Strolling through the busy streets of the city, pedestrians will come across furious faces holding bloodstained daggers or AK-47s. However, these menacing characters instill little fear as they are not in the flesh.
Painted onto thousands of rickshaws in the city, violent scenes from Pashto movies zip from street to street and corner to corner, giving locals and visitors a taste of local cinema. Onlookers may never have seen one of these movies, but the rickshaw art provides a quick synopsis of plot of many such flicks – blood, gore and alpha males.
For the rickshaws owners wanting to add some colour to their lives, there are only a few people left to paint these images on their vehicles. One of them is Ustad Hafiz Khan, an artist who brings the silver screen of yore back to life by painting actors like the late Bader Munir and Asif Khan.
Holding out for a hero
With a love for action flicks, many of these rickshaw drivers, perhaps unwittingly, immortalise—and in doing so glorify—the bloody images of their idols.

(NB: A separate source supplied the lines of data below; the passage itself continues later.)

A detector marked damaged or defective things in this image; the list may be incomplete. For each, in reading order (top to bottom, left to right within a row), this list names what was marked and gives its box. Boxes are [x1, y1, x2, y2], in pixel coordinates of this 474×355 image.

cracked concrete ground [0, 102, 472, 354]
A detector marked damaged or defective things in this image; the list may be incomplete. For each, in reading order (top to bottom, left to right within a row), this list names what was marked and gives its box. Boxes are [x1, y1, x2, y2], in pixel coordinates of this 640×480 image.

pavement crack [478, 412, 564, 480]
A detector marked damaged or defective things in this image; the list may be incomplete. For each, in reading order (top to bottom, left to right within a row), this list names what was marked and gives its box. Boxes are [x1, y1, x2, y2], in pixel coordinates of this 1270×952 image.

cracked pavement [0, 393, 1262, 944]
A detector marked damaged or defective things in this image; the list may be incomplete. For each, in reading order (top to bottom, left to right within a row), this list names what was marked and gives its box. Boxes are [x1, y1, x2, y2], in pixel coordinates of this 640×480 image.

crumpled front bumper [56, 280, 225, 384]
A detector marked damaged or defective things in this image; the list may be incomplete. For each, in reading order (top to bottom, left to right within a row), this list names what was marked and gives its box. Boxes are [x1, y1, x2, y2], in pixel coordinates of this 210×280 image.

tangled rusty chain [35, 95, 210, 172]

The artist and his brothers were busy at their workshop with their brushes, painting the back of rickshaws. According to the ustad, every young driver wanted his rickshaw to stand out and woo passengers. Hafiz added customer requests served as his muse.

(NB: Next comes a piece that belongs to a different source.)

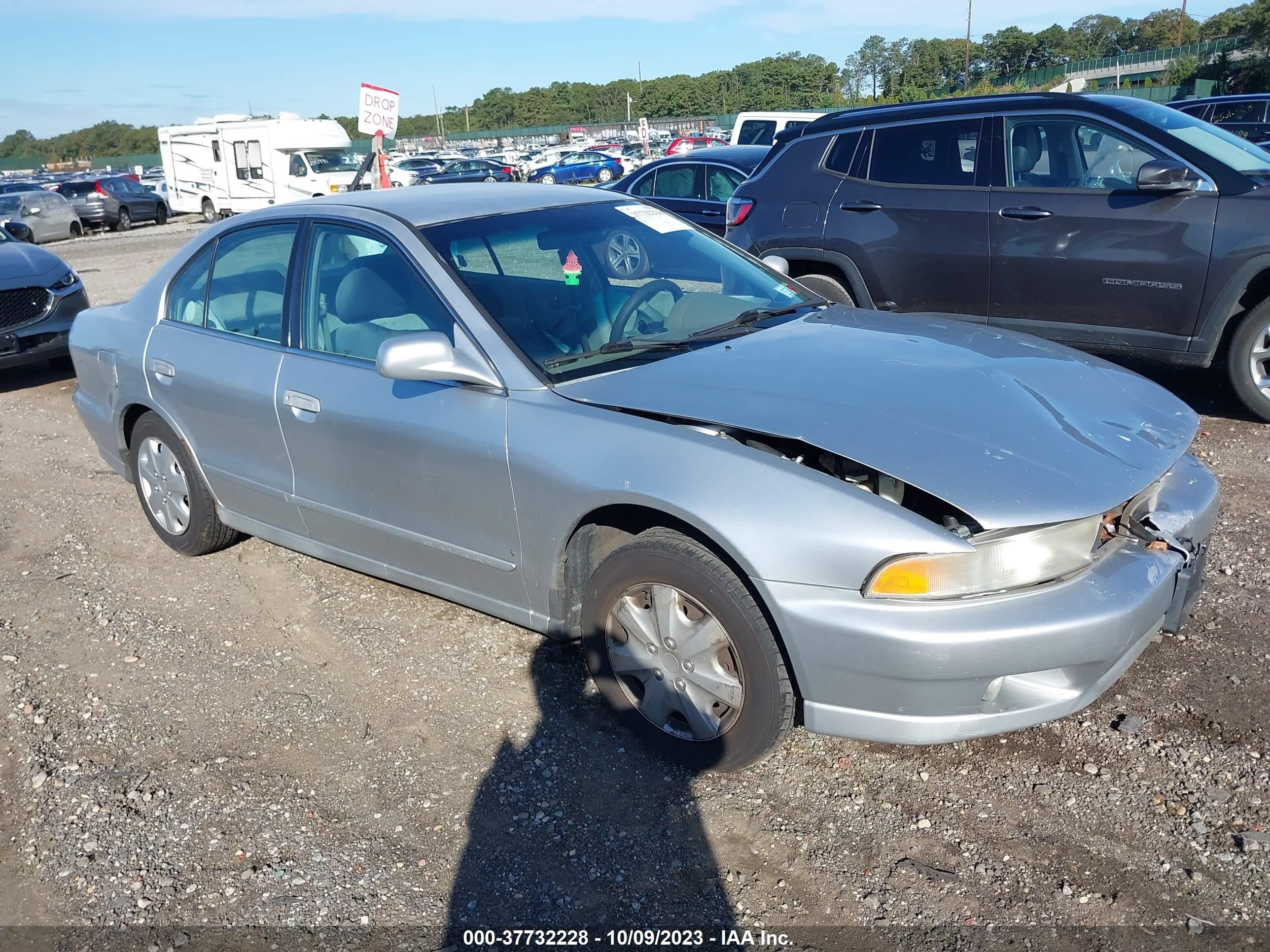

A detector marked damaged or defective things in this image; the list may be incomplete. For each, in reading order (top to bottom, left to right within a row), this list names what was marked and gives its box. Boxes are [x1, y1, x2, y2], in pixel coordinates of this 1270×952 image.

Hafiz recalled in days gone by, the trend was different as rickshaw owners were happy with elements of truck art –motifs made with rexine-like material and chamak pati. But as a result of what seems to be a revival of Pashto cinema among rickshaw drivers, the artists saw an increasing demand for dramatic characters at each other’s throats painted on the vehicles.
Over the years as the number of cinemas kept reducing and technology made billboard printing more affordable, artists who used earned a living by painting posters and hoardings for movies became less marketable. As a result, most of the cinema billboard painters have been forced to substitute massive hoardings for a quarter of a rickshaw as their canvas.
“This has also become a way to keep this art alive as painted posters have already been replaced by printed ones,” said Hafiz. “However, it took no time for young rickshaw drivers to take to such images as they like to watch these movies.”
The source
Produced mainly in Peshawar, Pashto movies have been widely criticised for being anti-culture and packed with violence. However, even the giants of Bollywood cannot hold a candle to their mass appeal.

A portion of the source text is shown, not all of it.